Temos piscina e ou academias, fanfarra em nossa escola, quais são os cuidados?
Dra. Denise Brandão - Não há orientações específicas, mas é importante destacar que lugares com aglomerações devem ser evitados, pois aumenta a possibilidade de transmissão do vírus. Temos serviço de transporte em nossa escola, que cuidados devemos ter?
Dra. Denise Brandão - Crianças com sinais de gripe não devem ir à escola, e, portanto, não devem usar o transporte escolar.
Além disso, é importante melhorar a ventilação do veículo e higienizá-lo com álcool 70%.
Em relação à secretaria , tesouraria da escola e lojinha de artigos escolares, que lidam com público externo, requer algum cuidado especial?

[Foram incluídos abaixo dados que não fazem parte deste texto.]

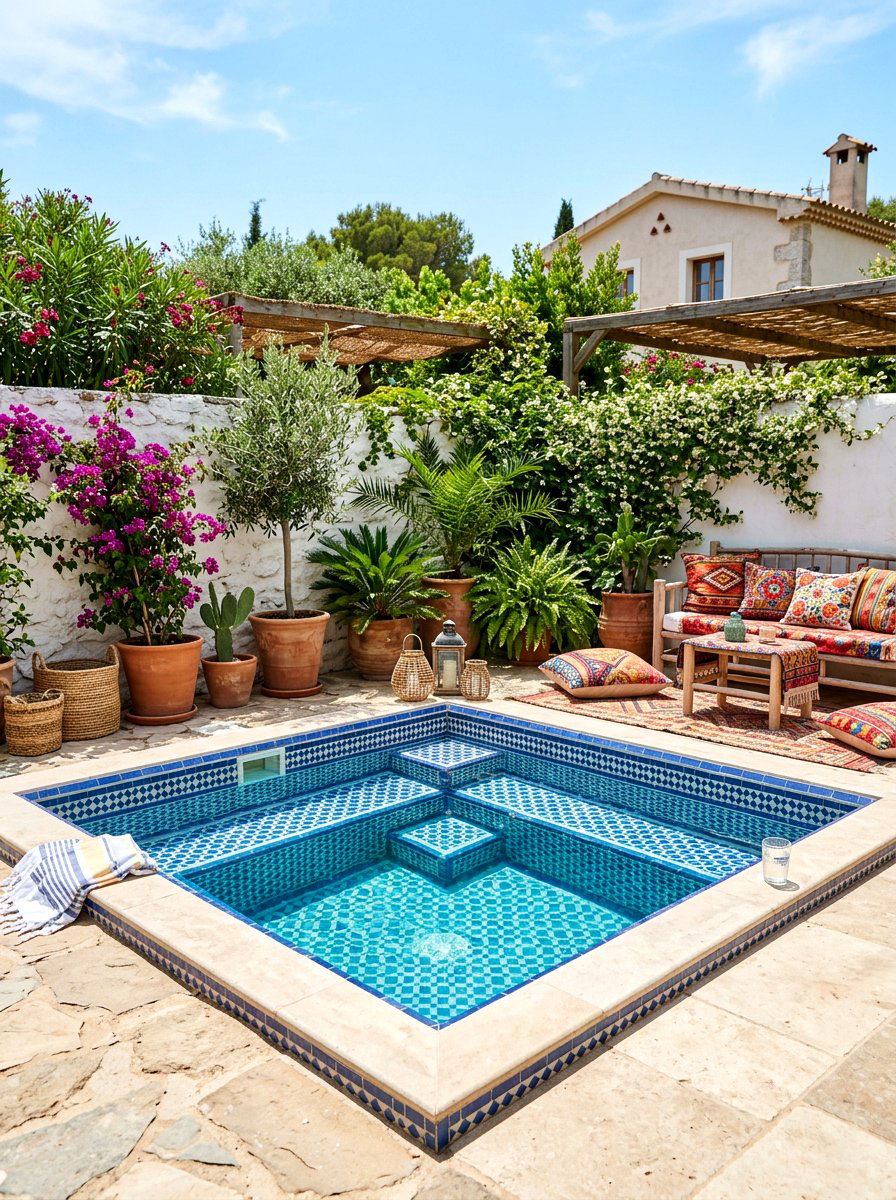 Patterned tile plunge pool - 30 plunge pool backyard ideas aesthetic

Dra. Denise Brandão - Não há cuidados especiais, as recomendações são as mesmas para os demais ambientes: limpeza, ventilação, sem a frequência de pessoas doentes... Temos atividades extracurriculares, tais como: olimpíadas internas e externas, passeios a zoológico, teatros, estação ciência; que cuidados preventivos devemos ter?
Dra. Denise Brandão - As orientações são sempre as mesmas: higienização frequente das mãos, cobrir boca e nariz com lenço ao tossir ou espirrar. Entretanto, aglomerações devem ser evitadas, pois aumentam a possibilidade de transmissão do vírus indicando a necessidade de, neste momento especial, buscar soluções alternativas e criativas que não prejudiquem o convívio com tais atividades.

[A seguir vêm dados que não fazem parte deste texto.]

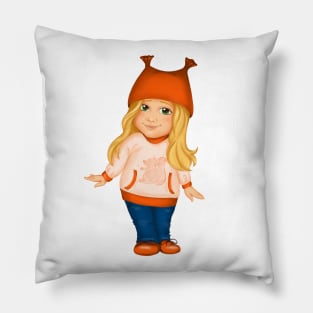 Little girl in orange hat and spring clothes. Spring print Pillow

Nossas reuniões pedagógicas de pais e mestres, requerem alguma atenção?
Dra. Denise Brandão - Não. Recomenda-se aproveitar estes momentos para fortalecer as orientações de prevenção e promoção a saúde já mencionadas.
Como os professores podem e devem orientar seus alunos?
Dra. Denise Brandão - Devem informar as formas de transmissão do vírus e, principalmente, as medidas de prevenção. Qual faixa etária a doença pode se tornar mais grave?
Dra. Denise Brandão - Em crianças abaixo de 2 anos e em adultos acima de 60 anos. Crianças com doenças crônicas (cardíacas, pulmonares, diabetes, imunodeprimidas) necessitam de avaliação e acompanhamento médico durante o quadro gripal.